04 Nov Réquiem
Reseña de El olvido que seremos, de Héctor Abad Fasciolince.
Por Demetrio M. Velasco
Compartimos con todos los seres vivos el instinto de conservación, de la vida propia y de la especie. El deseo de trascender el tiempo y el espacio, es solo humano, y es diferente al instinto de supervivencia. A veces, se sacrifica la vida para trascender o se trasciende, sacrificándola. Podría decirse que es un meta-instinto, el de trascender. Para los que tienen fe la trascendencia se da en un mundo más allá de la muerte, en el paraíso con sus múltiples nombres, o en la reencarnación; pero para los agnósticos y los ateos la trascendencia se da en el recuerdo de las acciones durante la vida. Es una lucha desigual contra el olvido que trae el tiempo.

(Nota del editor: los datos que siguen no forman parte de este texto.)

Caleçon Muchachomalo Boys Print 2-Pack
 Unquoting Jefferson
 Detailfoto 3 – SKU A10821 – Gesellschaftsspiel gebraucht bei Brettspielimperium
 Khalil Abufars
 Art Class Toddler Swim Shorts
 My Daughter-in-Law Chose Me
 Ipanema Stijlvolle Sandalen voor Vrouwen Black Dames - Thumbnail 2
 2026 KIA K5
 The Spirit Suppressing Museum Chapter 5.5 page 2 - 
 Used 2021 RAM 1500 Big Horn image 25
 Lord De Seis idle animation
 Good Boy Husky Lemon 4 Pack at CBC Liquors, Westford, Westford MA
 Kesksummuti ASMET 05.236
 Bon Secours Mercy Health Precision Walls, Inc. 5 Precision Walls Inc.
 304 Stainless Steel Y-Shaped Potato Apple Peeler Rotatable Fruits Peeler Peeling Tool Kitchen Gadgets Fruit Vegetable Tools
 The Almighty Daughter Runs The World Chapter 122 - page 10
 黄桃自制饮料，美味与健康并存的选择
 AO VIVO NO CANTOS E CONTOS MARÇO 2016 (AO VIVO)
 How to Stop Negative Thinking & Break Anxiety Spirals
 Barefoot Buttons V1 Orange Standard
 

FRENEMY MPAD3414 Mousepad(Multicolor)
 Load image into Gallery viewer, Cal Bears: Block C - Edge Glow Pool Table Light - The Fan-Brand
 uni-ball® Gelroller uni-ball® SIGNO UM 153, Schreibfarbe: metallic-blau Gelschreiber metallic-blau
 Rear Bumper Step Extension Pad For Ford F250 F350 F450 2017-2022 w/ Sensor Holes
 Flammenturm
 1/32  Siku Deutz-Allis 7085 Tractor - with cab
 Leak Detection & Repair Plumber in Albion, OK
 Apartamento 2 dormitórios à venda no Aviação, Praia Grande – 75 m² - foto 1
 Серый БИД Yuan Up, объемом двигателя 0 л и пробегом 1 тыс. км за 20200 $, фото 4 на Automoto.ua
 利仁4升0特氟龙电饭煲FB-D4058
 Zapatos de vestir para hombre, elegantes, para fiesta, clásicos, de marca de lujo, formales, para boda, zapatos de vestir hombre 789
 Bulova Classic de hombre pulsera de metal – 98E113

La novela de Héctor Abad Faciolince es un réquiem; una composición para buscar el descanso del muerto y de los deudos. Por eso el ajuste de cuentas con la sociedad de Medellín que propició su muerte prematura; y la mención de todos los personajes de la tragedia, con nombre y apellido. Es al mismo tiempo un reclamo y una búsqueda de justicia histórica, ya que la justicia-justicia es inalcanzable, en este caso porque los asesinos materiales e intelectuales formaban parte activa del estado colombiano encargado de impartirla. También es un esfuerzo por la trascendencia de su padre; para que el recuerdo de sus acciones se extienda un poco más allá de la penumbra del olvido que el tiempo esparce inevitablemente sobre todos; para que su sacrificio no haya sido en vano.
Tardó 20 años, en escribirla. Requirió valor y mucha decisión, seguramente. Valor para sustraerse al miedo de la venganza que los poderosos pudieran tramar para callarlo; pero también para afrontar otra vez el dolor, la pérdida y la injusticia de no saber siquiera quién lo mató. Debe haber sido un ejercicio duro; recordar todo otra vez, investigar los detalles, conectar los puntos. Puedo también imaginar el mar de nostalgia que debió invadirlo por meses al vaciar al texto los recuerdos de la infancia, las reflexiones, la imagen del padre, el esfuerzo por hacer una pintura realista, justa, y evitar la trampa de convertirlo en una estatua de papel. Y seguramente debe haberlo atormentado también la idea de que este libro lo volvería a él un autor famoso a costa de la historia de su padre.
Un comentario de Coetzee la define como biografía novelada, y mi primera impresión fue la de estar leyendo una auto-ficción, porque es el autor quien aparece al centro del relato; pero no pude encontrar más de un elemento que no fuera real: el gringo que visitaba a su padre, Richard Saunders, y su fundación Future for the Children. Una búsqueda rápida en internet no arroja ninguna fundación con ese nombre, y de los muchos Richard Saunders que aparecen sólo hay uno relevante: un australiano miembro de una asociación de escépticos.
Escrito en un lenguaje simple y directo, no exento de alguna palabra dominguera aquí y allá, el texto es un poco empalagoso al principio; sin embargo, logra trasmitir la tristeza y la desolación que el autor experimentó al perder a dos de sus familiares directos, tanto que en no pocas ocasiones me arrancó uno que otro suspiro y empujó un par de lágrimas.